Mucizevi Mandarin’i bitirdikten sonra şunları düşünürken buldum kendimi; keşke yazar ilk bölümlerdeki gibi yazsaydı kitap boyunca, o zaman kitabı daha bir zevkle okur ve eminim çok daha çabuk bitirirdim. Bu ilk öykülerdeki akıcılığı diğerlerinde bulamadım, hepsi sanki hızlıca yazılmış karalamalar gibi geldi bana. Bu kitaba fazlasıyla geç kalmış hissettim kendimi.

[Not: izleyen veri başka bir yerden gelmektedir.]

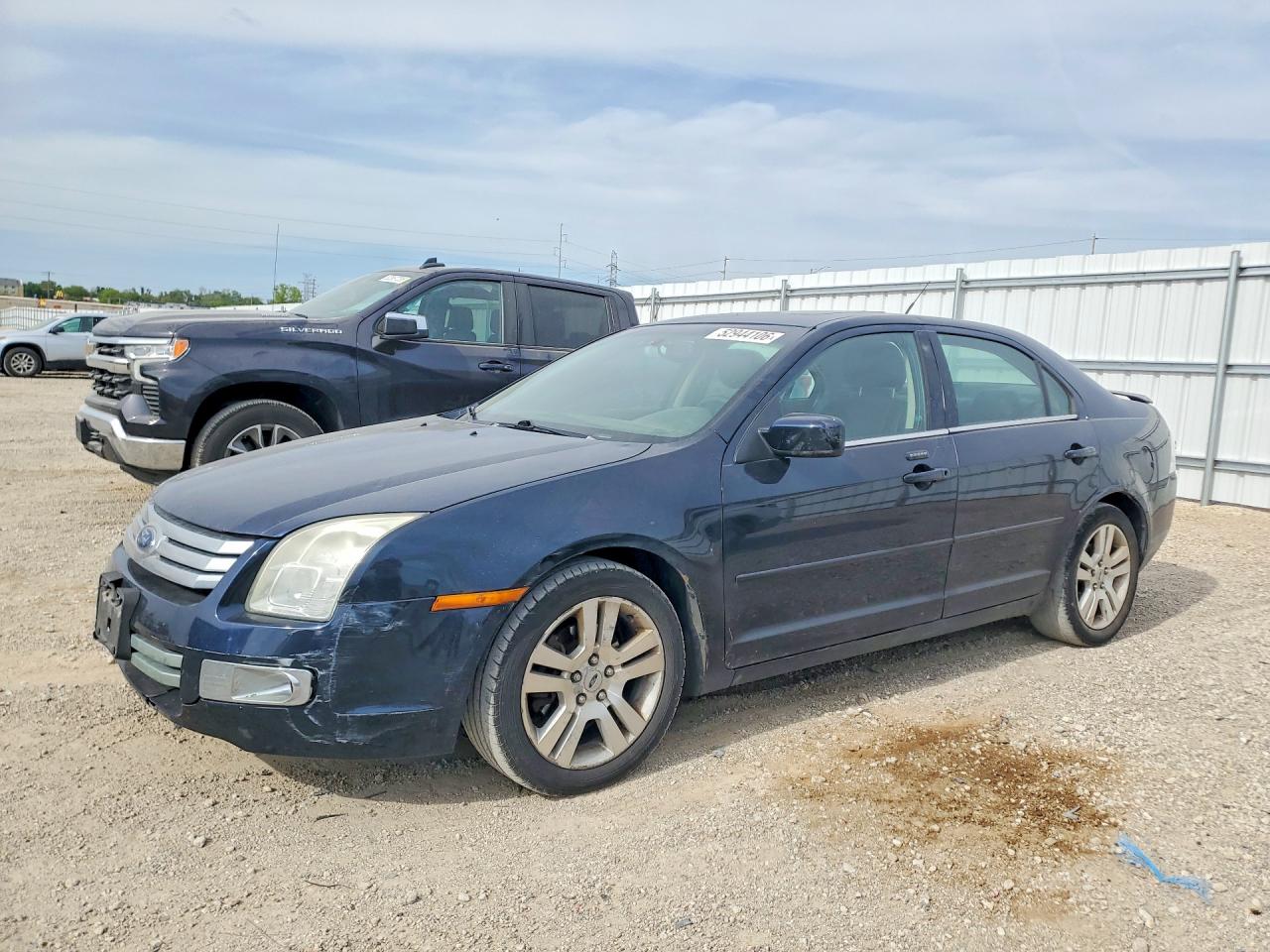 2008 FORD FUSION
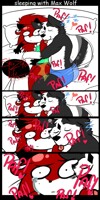 sleeping with Max Wolf
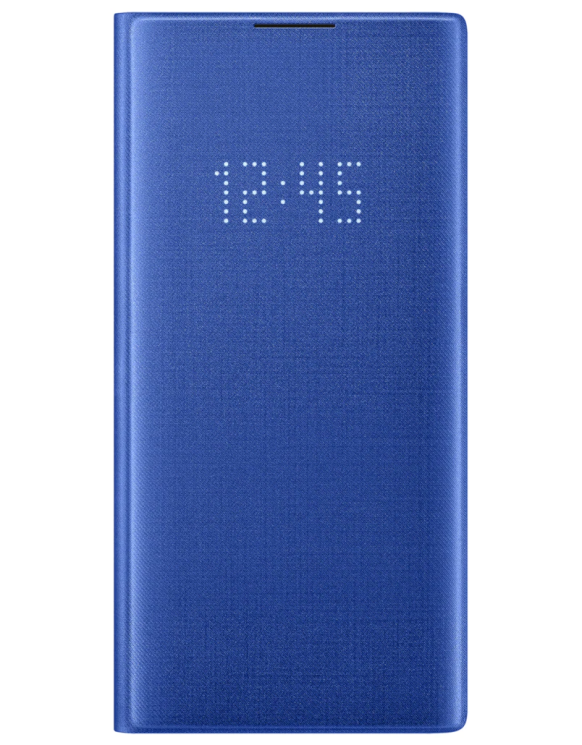 Чохол-книжка LED View Cover для Samsung Galaxy Note 10+ (N975) EF-NN975PLEGRU - Blue (272116L) Чохол-книжка LED View Cover для Samsung Galaxy Note 10+ (N975) EF-NN975PLEGRU - Blue: фото 1 з 5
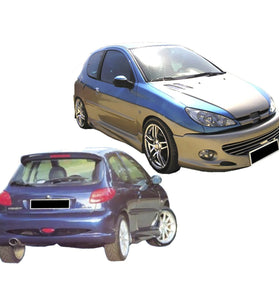 Kit carrosserie pour Peugeot 206 (98 - 08) – Look GT - KDMPARTS EUROPE TUNING STORE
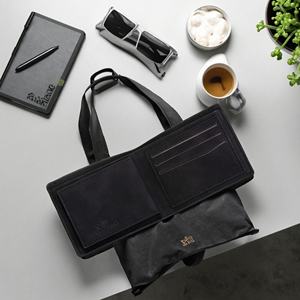 Carteras Cortas de Cuero para Hombre al por Mayor, Carteras con Múltiples Ranuras para Tarjetas, Monederos, Porta Tarjetas para Regalos de Cumpleaños - Product Image 4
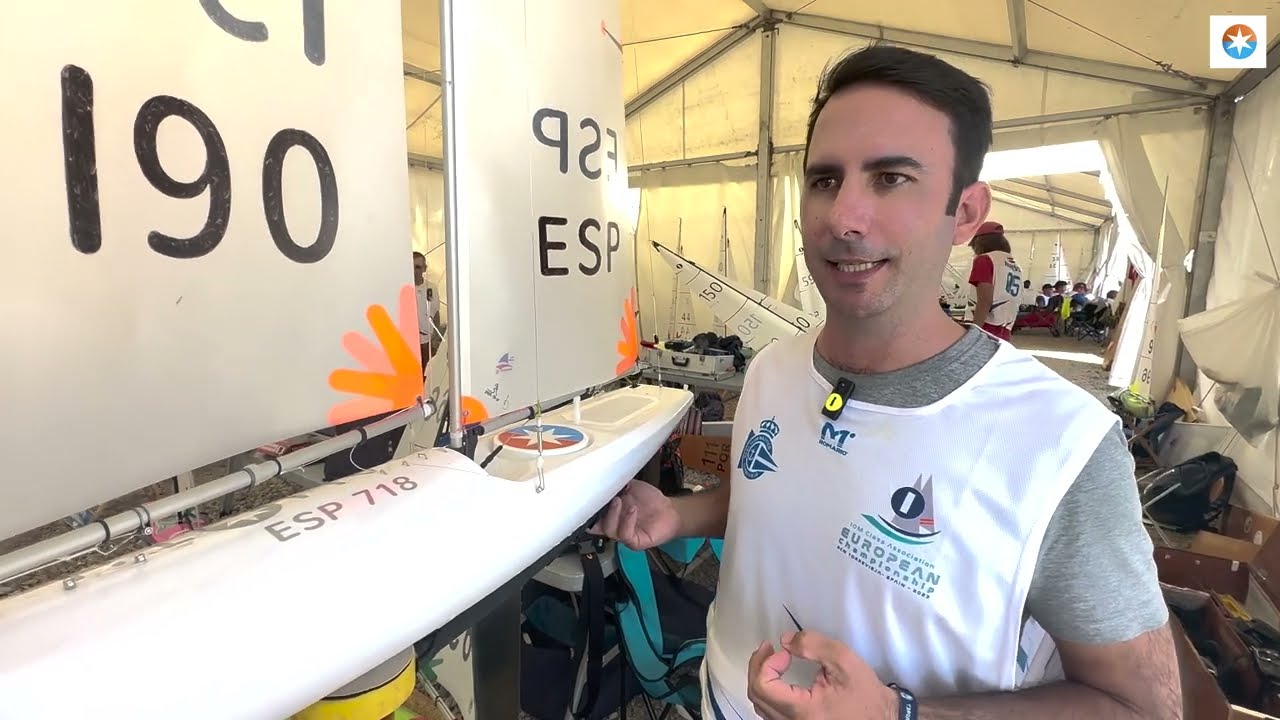 3D printed ALIOTH at the 2023 IOM European Championships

Belki on dördümde ya da on beşimde okusaydım yazdıklarının altını bir bir çizer ve çok etkilenirdim ancak onca kitap ve onca yaşanmışlıktan sonra yazılanlar hiç bana hitap etmedi ne yazık ki. Sadece kitaba adını veren Mucizevi Mandarin adlı öyküyü çok sevdim desem abartıyor sayılmam sanırım. Yine de özellikle genç kızların okumasının faydalı olacağını düşünüyorum. Sevilmeyecek bir yazar değil Aslı Erdoğan, mutlaka göz atın derim. Keyifle!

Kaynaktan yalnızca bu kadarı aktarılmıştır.